Since the pattern calls for a cotton yarn with a 4 in the yarn symbol, you could technically substitute any wool or acrylic yarn as long as you match the gauge. You probably already know that, the reason I'm responding to your comment is to warn you that cotton yarn does not behave the same as wool or acrylic. I am currently working on 2 sweaters for toddlers in cotton yarns. I used the same pattern (needle size, etc.) I have for acrylic yarn, and the cotton sweaters have turned out wider and shorter than the acrylic ones. Be sure to check your gauge against the pattern's gauge, and check the length as you are going along. You would probably be smart to have extra yarn in case you have to knit more rows to get the length you need. This dress looks very short on the model, so you may want to lengthen it for your special little girl.

I probably would not choose to do this in cotton either, some brands are not easy to care for and fade quickly, or worse yet, the dye bleeds something terrible. Cotton is wonderful for some climates, but I would probably choose to do this in a good acrylic yarn for the mother's sake!

Hope you give it a try! Happy knitting.....
-Joyce


----------



## harbin (Sep 16, 2011)

Beautiful little dress. Thank you very much. I am planning to knit a dress like that.

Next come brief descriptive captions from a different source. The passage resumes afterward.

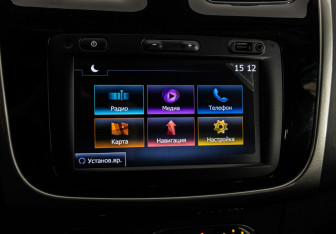 Подержанный автомобиль Renault Sandero 2019 года (12 фото)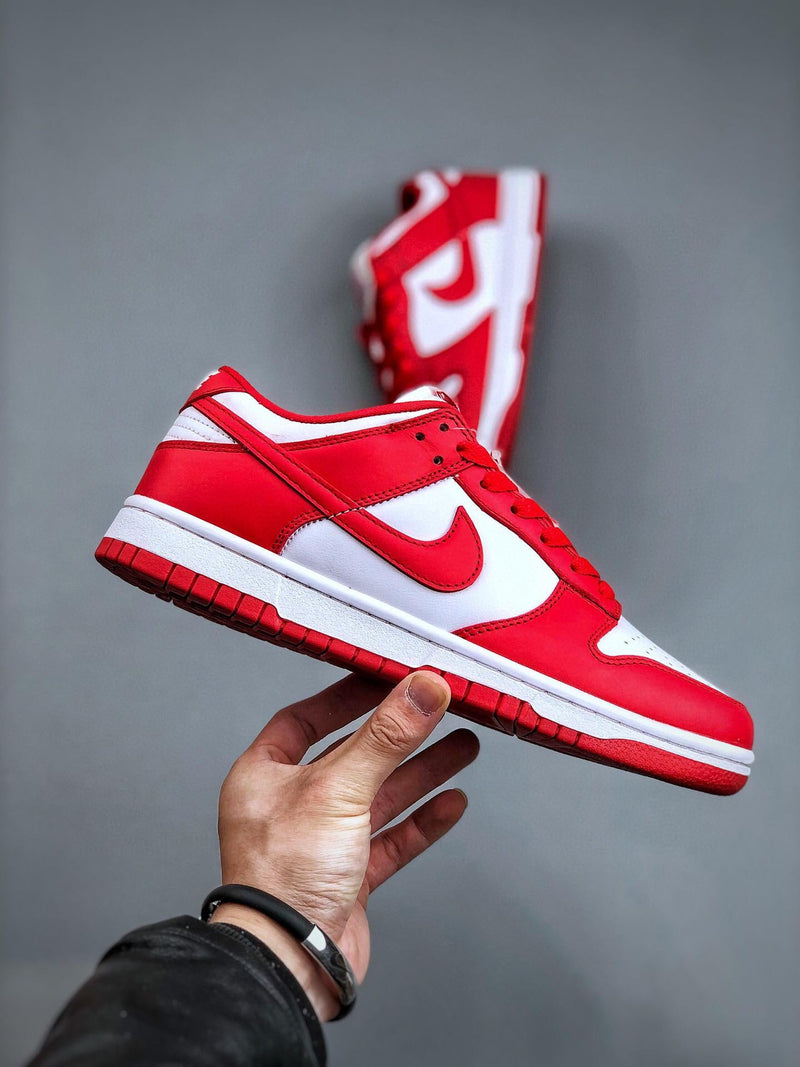 Tênis Nike SB Dunk Low "Uni Red"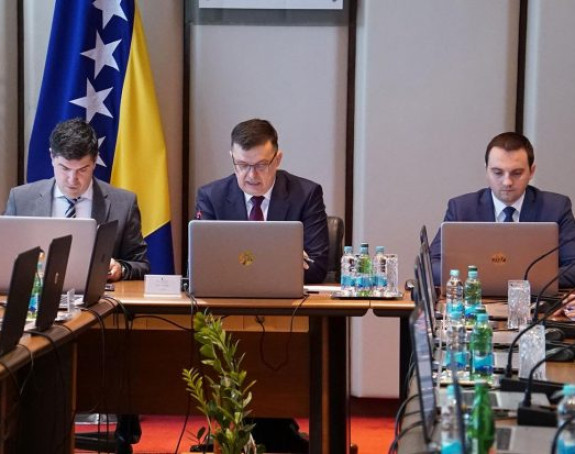 Hoće li Tegeltija sazvati sjednicu ili neće biti plata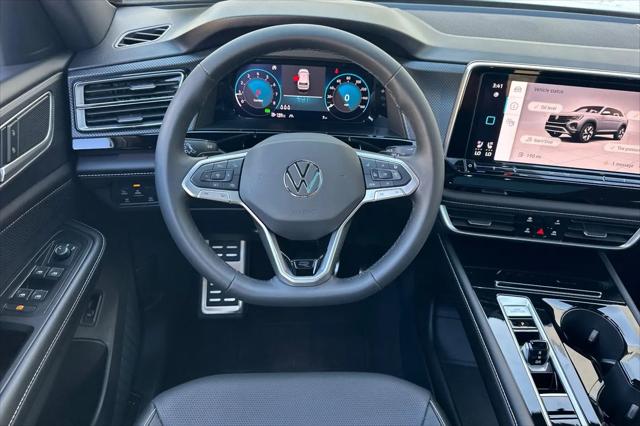 2026 Volkswagen Atlas Cross Sport SEL R-Line Black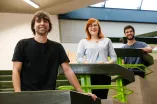 Foto: Drei junge Leute in einem Hörsaal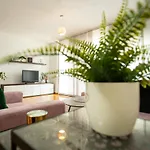 Bright 2-bed Free Wifi And Walk To Old Town Apartmán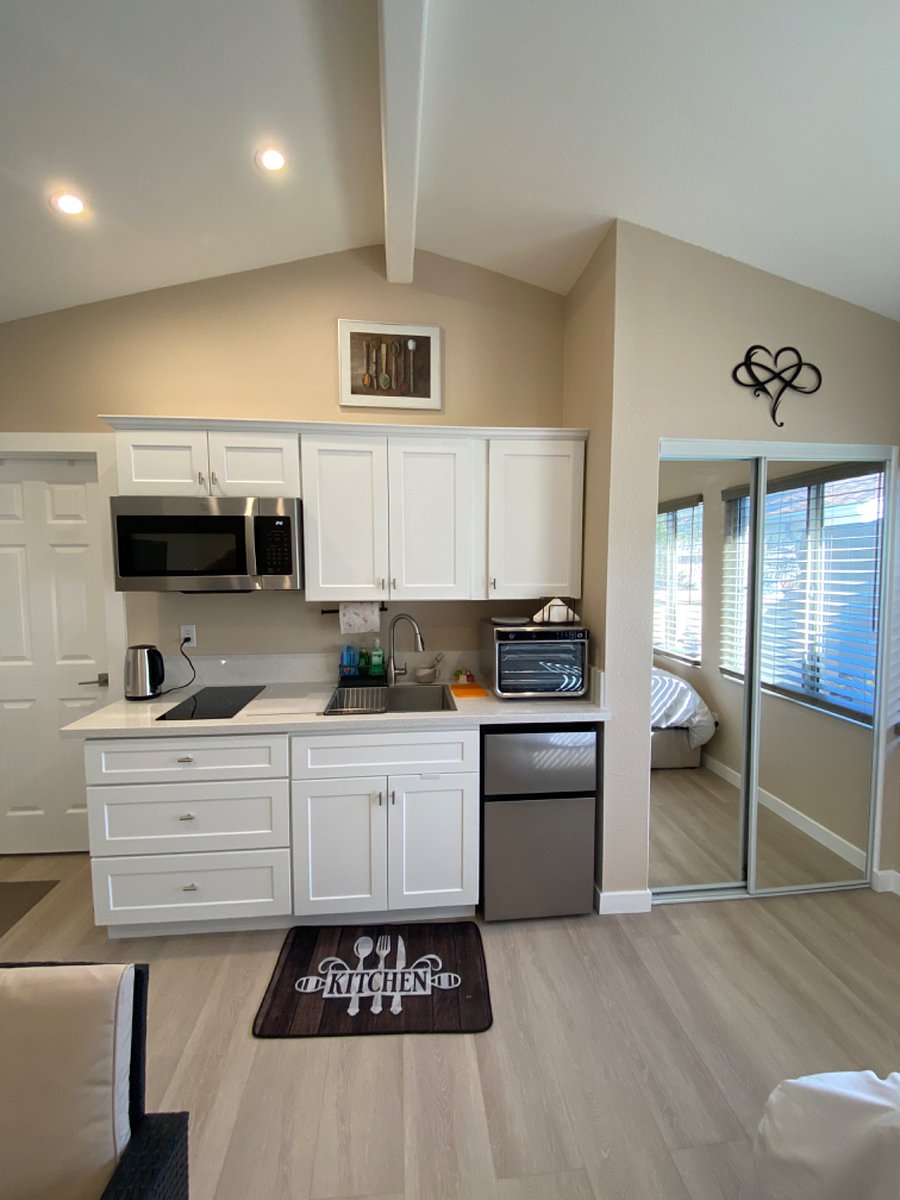 Furnished Finder property 813167_1 photo 3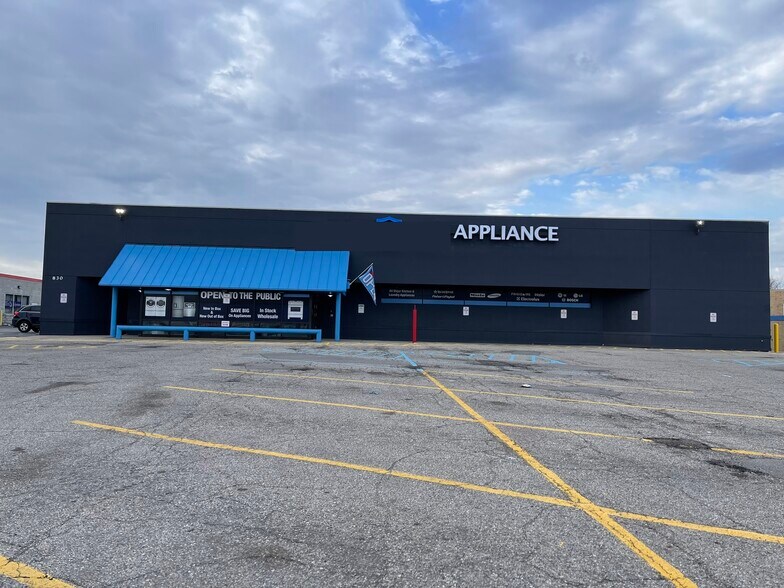 830 28th St SW, Grand Rapids, MI à vendre - Photo de l’immeuble – Image 2 sur 11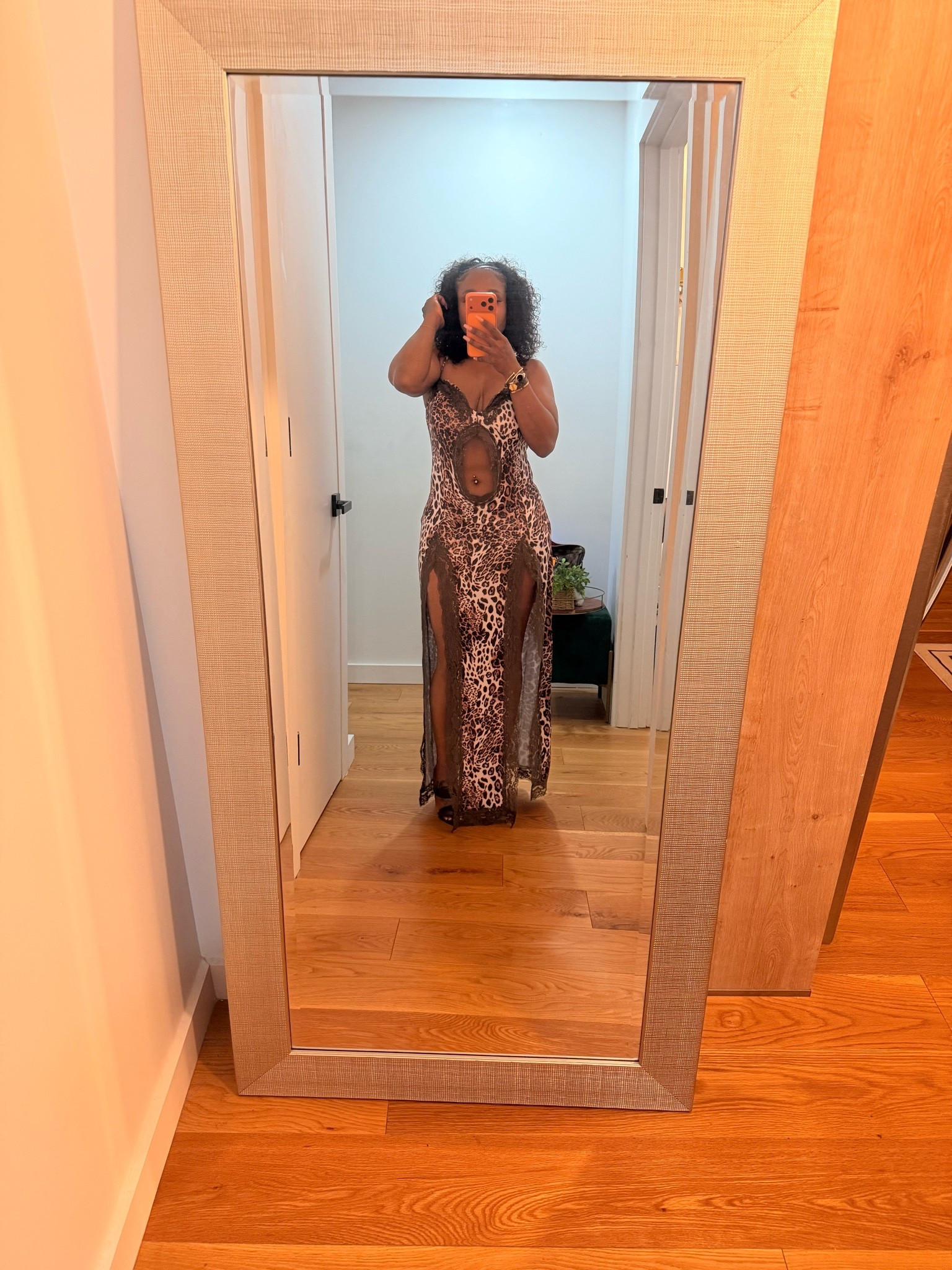 Date night dress 🤎🫶🏽 #datenight
#dress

I noticed on your demonstration (tutorial) that you hold your knitting needles the same way as I do. 
I learned how to knit from my Mother in China.

Margarita (Harbin)


----------



## ladybuys (Jan 14, 2011)

Hi, Cute, cute, cute. This looks like a great pattern...thanks for sharing.


----------



## cmsezto (Jan 31, 2012)

Hi harbin, you are very welcome and thanks for visiting my page. And I also learned basic how-to knit from my mother too.

Thanks you all again.


----------



## lotsagramgram (May 7, 2012)

Just had a chance to look at her other patterns. The baby shrug is darling and looks soooo simple. Just knit a rectangle.


----------



## Jeanie L (Sep 27, 2011)

Darling...Thanks for the link..


----------



## run4fittness (May 22, 2011)

beautiful, thanks for the link. already downloaded and printing it now! thanks!


----------



## run4fittness (May 22, 2011)

sam0767 said:


> Wish it was in a bigger size. I would love to make this for my GD. She is in a size 3 Toddler. But I bet I will find a little one to make this for. :lol: :lol: :lol:


Looks easy enough to enlarge if you want. Add additional stitches to both fronts, a couple to each sleeve and additional stitches to the back. Once you get the gauge measure your granddaughter to see how many more stitches to add. If you have difficulty with this there are many on the forum who would be happy to help you. Myself included because I plan on making this for my great niece who will be 2 in April and her mother is asking for 3T when I am making her things for now.


----------



## sam0767 (Jun 20, 2012)

run4fittness said:


> sam0767 said:
> 
> 
> > Wish it was in a bigger size. I would love to make this for my GD. She is in a size 3 Toddler. But I bet I will find a little one to make this for. :lol: :lol: :lol:
> ...


Thanks. Haylie is in a 3T now. A bit big on her but won't be long before she goes a size up.


----------